Monday, March 8, 2010

A building is a symbol, as is the act of destroying it.

All this talk of death and different types of love stories is a result, I think, of me recently seeing the movie V for Vendetta. This is my new favorite movie – seriously, why had I never seen it before? It’s got everything I love in a story: drama, romance, disfigurement, death, and revolution. V’s death, however, got me thinking.

I guess that was a spoiler. But the actions that V takes in the first few scenes of the movie cannot realistically end in anything other than his death. Once the first bomb explodes, we know he’s a goner. Likewise, it was a pretty good bet that Evey, V’s at first unwilling accomplice, will make it to the end suffering only the death of her illusion. Thus, while the ending of the movie is tragic, anything else would have been a betrayal of the story.

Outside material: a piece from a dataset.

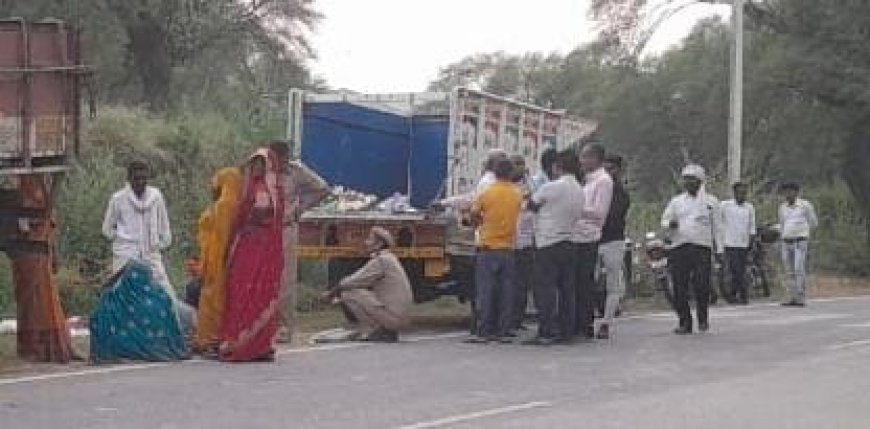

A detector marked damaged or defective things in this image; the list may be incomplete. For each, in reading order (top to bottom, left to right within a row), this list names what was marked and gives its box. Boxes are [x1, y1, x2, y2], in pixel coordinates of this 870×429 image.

rusty metal structure [0, 18, 87, 176]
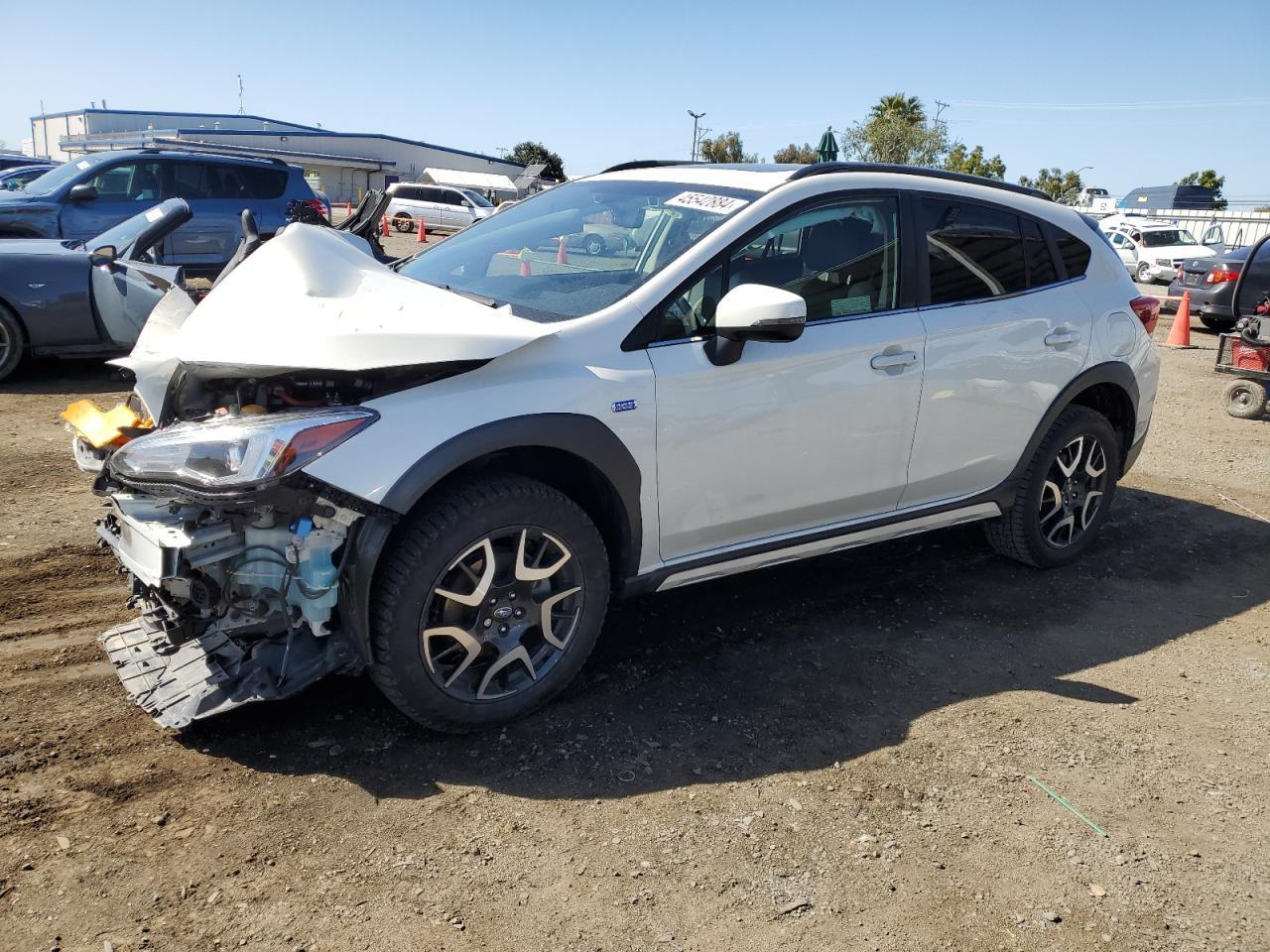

I consider this type of death to be a good one. It’s not as though we, as readers, want the character to die, but we understand that there is no other way. Es muss sein, as Kundera says. It must be. Or at least, this is how I justify it to myself when I kill off my characters like this.

The inevitable type of death is distinct from the deaths that make me want to throw the book against the wall. The noble sacrifices (generally made for characters who don’t deserve it, a la Sydney in Tale of Two Cities), the freak accidents (damn Sirius), the ones that, in my opinion, just didn’t need to happen. Whether the author does, in fact, feel that these deaths were necessary or just wants to torment his audience is usually unknown.

Another category of death befalls characters who suffer from what my sister and I call Terminal Beth Syndrome. Named after the second youngest little woman, these are characters who are simply too painfully nice to remain living. Their deaths are accompanied, at least from me, with a sigh of relief.

Anyone else want to chime in with an example of a fictional death done well (or badly)?